Greg Thompson had no idea he had a Gottfried Lindauer painting hanging in his family dining room until a family friend took notice of the portrait.
“One day we were at home, having… take-away, and Peggy said ‘who’s that painting by?’
“So we got up and had a look, reading the back, saying ‘it looks like Lin-, Lin-’ and Peggy jumped up and said ‘a Lindauer! A Lindauer!’”
The 145-year-old portrait of Edward Green, commissioned in 1875, was donated to the Nelson Provincial Museum by his great, great grandchildren on Saturday in a small ceremony. Green was a prominent early settler in Nelson, and sold his estate to the city which became the Tahūnanui recreation area.
Greg Thompson, Green’s great, great grandson, said no one was quite sure how his branch of the family came to have the portrait. For a long time they had no idea of its origins – that all changed when Peggy Jack took notice of the painting hanging in the dining room of their Queenstown home in the 1960s.
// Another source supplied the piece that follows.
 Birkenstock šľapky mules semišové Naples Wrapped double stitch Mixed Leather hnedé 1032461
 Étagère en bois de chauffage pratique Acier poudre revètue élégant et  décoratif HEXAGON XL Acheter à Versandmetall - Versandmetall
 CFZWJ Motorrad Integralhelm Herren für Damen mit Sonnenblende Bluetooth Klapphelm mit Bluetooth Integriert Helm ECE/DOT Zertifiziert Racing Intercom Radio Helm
The painting had been stored in attics and hung in family dining rooms for over 100 years by the time it was donated to the Nelson Provincial Museum. The family admitted it had accidentally thrown out another Lindauer portrait, of Green’s wife, Isabella.
Nelson mayor Rachel Reese said having the Lindauer in the museum’s collection was “hugely significant”.
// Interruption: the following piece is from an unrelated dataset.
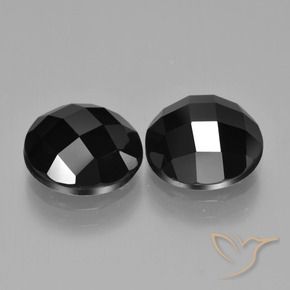 8.61 ctw Black Spinel Stones, Natural Spinel in Round Rose-Cut Shape for Sale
“I would just say to people, if you have a painting hanging on the wall and you don’t know what you have, have a look at the back, because you never know.”
Gottfried Lindauer, born in Bohemia (now the Czech Republic) is one of New Zealand’s most well-known artists, most famous for his portraits of important Māori political figures, often commissioned by the sitter.
His paintings have been the target of art thieves and forgers and sell for hundreds of thousands of dollars. A most audacious theft of a Lindauer painting saw the ram raid of the Art Centre in Parnell, Auckland, in 2017. The paintings haven’t been recovered and the crime is unsolved.
The Edward Green portrait would have been among the first the prolific artist painted in New Zealand, having been commissioned just one year after his arrival. Lindauer came to New Zealand in 1874 to avoid being drafted into the army.
After the realisation of the true worth of their family portrait, the Thompsons had it restored to repair a small tear in the canvas.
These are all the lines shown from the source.